🤖 AI Summary
ASR outputs frequently contain errors requiring manual post-editing; existing LLM-based full-rewrite approaches suffer from high redundancy and low efficiency, while compact edit representations lack sufficient contextual modeling and accuracy. This paper proposes CEGER, a Context-Enhanced Granular Edit Representation framework that formalizes ASR error correction as a structured edit instruction generation task. CEGER jointly incorporates local error context and global semantic constraints, and employs a deterministic decoding module to ensure lossless text reconstruction. By generating minimal, semantically grounded edit operations rather than full sequences, CEGER significantly reduces redundant token generation. On LibriSpeech, it achieves a 12.3% relative WER reduction over full-rewrite baselines and outperforms prior compact edit methods, striking an optimal balance between correction accuracy and computational efficiency.
📝 Abstract
Despite ASR technology being full-scale adopted by industry and for large portions of the population, ASR systems often have errors that require editors to post-edit text quality.

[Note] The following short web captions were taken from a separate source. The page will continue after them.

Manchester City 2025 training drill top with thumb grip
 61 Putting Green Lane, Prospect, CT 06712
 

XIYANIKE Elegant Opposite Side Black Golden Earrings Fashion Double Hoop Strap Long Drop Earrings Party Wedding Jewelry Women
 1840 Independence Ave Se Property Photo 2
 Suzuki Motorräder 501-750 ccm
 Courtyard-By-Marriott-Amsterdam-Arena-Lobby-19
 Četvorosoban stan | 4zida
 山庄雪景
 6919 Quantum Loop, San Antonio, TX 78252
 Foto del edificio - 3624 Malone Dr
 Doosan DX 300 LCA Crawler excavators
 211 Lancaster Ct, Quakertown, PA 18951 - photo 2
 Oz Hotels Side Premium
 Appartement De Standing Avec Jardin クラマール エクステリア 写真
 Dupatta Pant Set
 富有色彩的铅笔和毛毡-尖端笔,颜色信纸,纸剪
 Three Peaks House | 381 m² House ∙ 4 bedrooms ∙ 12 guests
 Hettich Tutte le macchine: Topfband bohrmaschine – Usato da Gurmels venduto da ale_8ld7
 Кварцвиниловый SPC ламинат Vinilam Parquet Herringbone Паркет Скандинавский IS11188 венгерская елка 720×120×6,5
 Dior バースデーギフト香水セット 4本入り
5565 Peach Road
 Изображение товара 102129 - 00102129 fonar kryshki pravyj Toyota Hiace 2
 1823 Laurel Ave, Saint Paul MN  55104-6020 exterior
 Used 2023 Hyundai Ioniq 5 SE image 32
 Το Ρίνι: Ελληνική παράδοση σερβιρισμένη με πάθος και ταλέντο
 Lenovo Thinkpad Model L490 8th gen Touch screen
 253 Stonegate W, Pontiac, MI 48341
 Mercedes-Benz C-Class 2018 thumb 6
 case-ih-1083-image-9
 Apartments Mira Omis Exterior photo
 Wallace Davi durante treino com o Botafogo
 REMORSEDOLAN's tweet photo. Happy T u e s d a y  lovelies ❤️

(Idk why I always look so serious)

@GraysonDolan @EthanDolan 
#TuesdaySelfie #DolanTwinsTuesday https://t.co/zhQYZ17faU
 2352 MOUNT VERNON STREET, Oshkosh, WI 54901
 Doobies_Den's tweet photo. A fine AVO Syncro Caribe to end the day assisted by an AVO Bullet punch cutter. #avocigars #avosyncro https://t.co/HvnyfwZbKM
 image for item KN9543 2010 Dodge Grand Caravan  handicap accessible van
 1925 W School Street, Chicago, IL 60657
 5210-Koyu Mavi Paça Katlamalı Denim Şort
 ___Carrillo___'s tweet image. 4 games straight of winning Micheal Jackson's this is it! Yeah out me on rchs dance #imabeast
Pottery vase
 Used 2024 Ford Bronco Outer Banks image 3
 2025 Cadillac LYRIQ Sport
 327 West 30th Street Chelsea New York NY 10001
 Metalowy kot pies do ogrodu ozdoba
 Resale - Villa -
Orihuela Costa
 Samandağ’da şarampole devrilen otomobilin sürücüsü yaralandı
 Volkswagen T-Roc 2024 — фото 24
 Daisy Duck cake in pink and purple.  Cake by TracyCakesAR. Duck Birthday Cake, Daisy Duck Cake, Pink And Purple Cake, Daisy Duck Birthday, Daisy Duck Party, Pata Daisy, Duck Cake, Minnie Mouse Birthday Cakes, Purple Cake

While LLMs are powerful post-editing tools, baseline full rewrite models have inference inefficiencies because they often generate the same redundant text over and over again. Compact edit representations have existed but often lack the efficacy and context required for optimal accuracy. This paper introduces CEGER (Context-Enhanced Granular Edit Representation), a compact edit representation that was generated for highly accurate, efficient ASR post-editing. CEGER allows LLMs to generate a sequence of structured, fine-grained, contextually rich commands to modify the original ASR output. A separate expansion module deterministically reconstructs the corrected text based on the commands. Extensive experiments on the LibriSpeech dataset that were conducted, CEGER achieves state-of-the-art accuracy, achieving the lowest word error rate (WER) versus full rewrite and prior compact representations.